RB Un bébé, une élection réussie, un livre…et la suite ?

AS Etre un bon élu régional ? Il faut apprendre vite mais bien. C’est la première assemblée d’élus auquelle je participe. J’en suis fier et honoré. J’ai à coeur d’oeuvrer à changer les choses en profondeur mais pour le faire il s’agit aussi de bien comprendre entre autres le lien actuel entre politique et technique, ou l’administration, par exemple. Le politique a abondonné ses prérogatives trop souvent et il devient impuissant d’autant plus que l’administration s’affaiblit alors que lui manque d’imagination. Or pour changer les choses il faut les deux et chacun fort mais à sa place. A la région par exemple le travail des commissions, celui avec l’administration, le fait de toujours penser au sens politique de notre démarche sur la citoyenneté, la politique de la ville, la coopération internationale est impératif pour être à la hauteur de la confiance placée en nous – les gens ont voté pour des options politiques – mais aussi pour après car de nombreuses échéances se préparent… il faudra être prêt pas seulement pour nous mais aussi pour nos enfants.

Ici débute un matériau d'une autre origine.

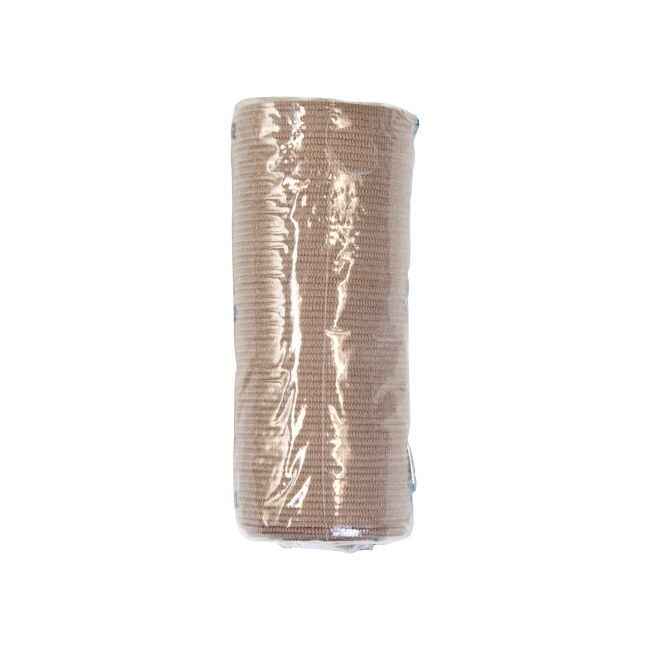 Rolled tan elastic bandage, non-sterile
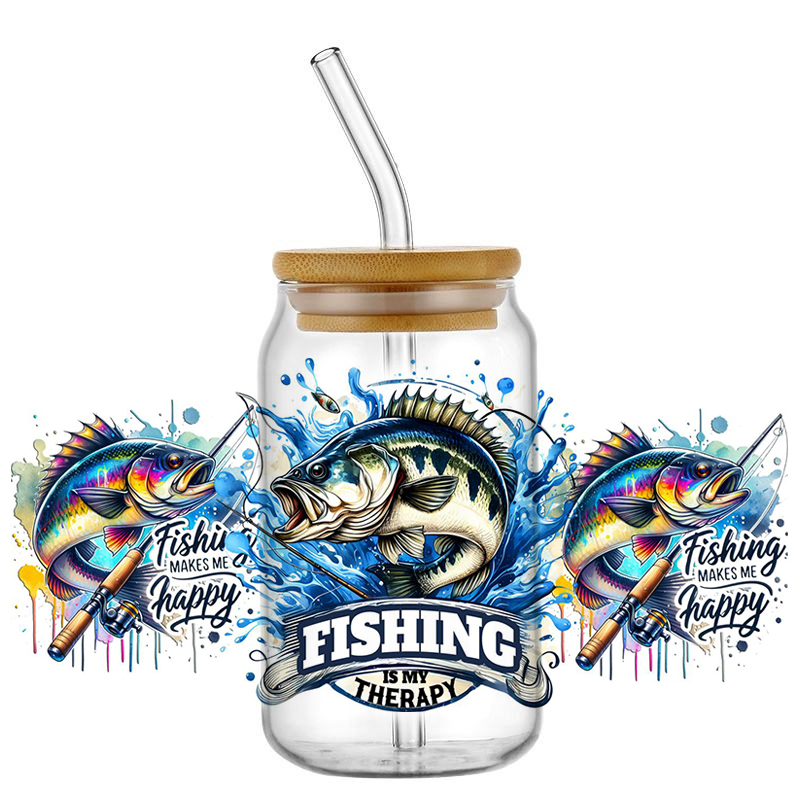 UV DTF Go Fishing Design Trans - Rdta Tank Glass avaliação e preço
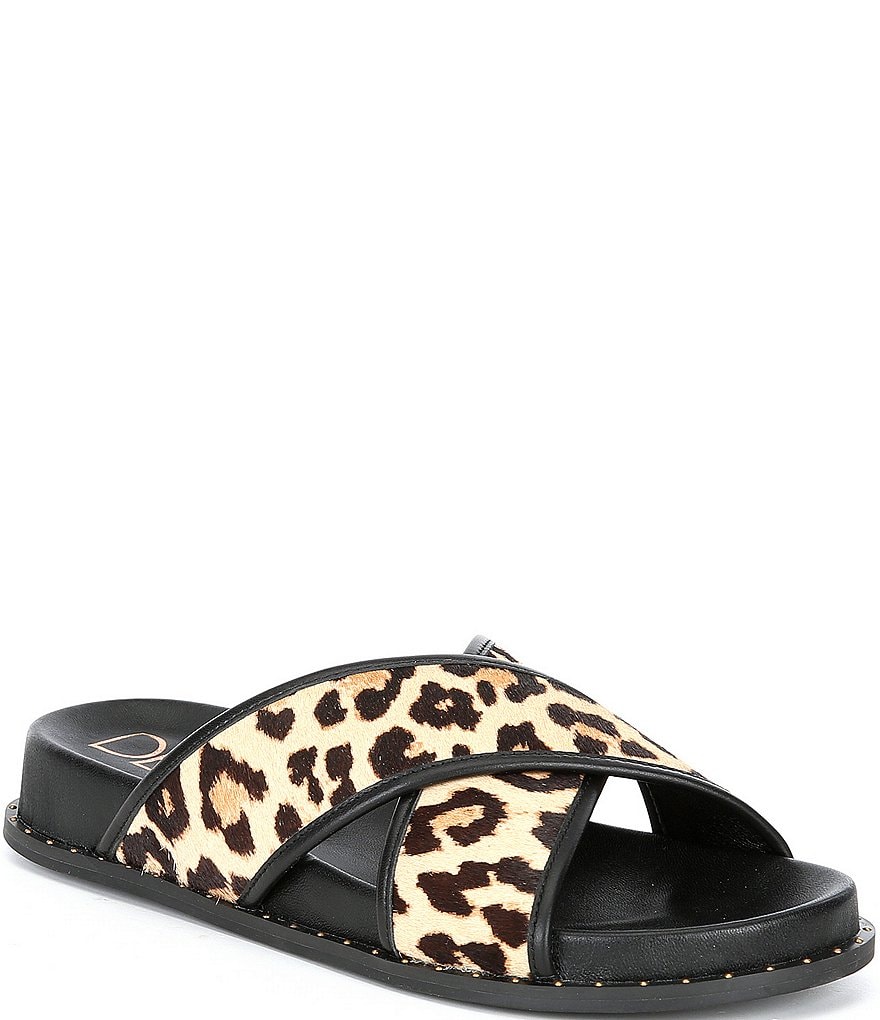 Deltan Nova Leopard Print Haircalf Cross Band Slides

RB Et pour finir donne-nous deux raisons d’acheter ton livre ?

AS Si vous ne connaissez pas les banlieues et les gens qui y vivent acheter mon livre pour vous donnez l’occasion de mieux les comprendre ainsi que de comprendre la mécanique d’enfermement et de stigmatisation de certains territoires et ces habitants. Si vous les connaissez pour confronter votre point de vue avec le mien. C’est la première raison. La seconde c’est que si Romain me fait le plaisir de m’interviewer et vous de lire son blog et cette interview… alors on a des choses en commun : la curiosité.

Casier politique, Max Milo Éditions, 256 pages, 16 euros.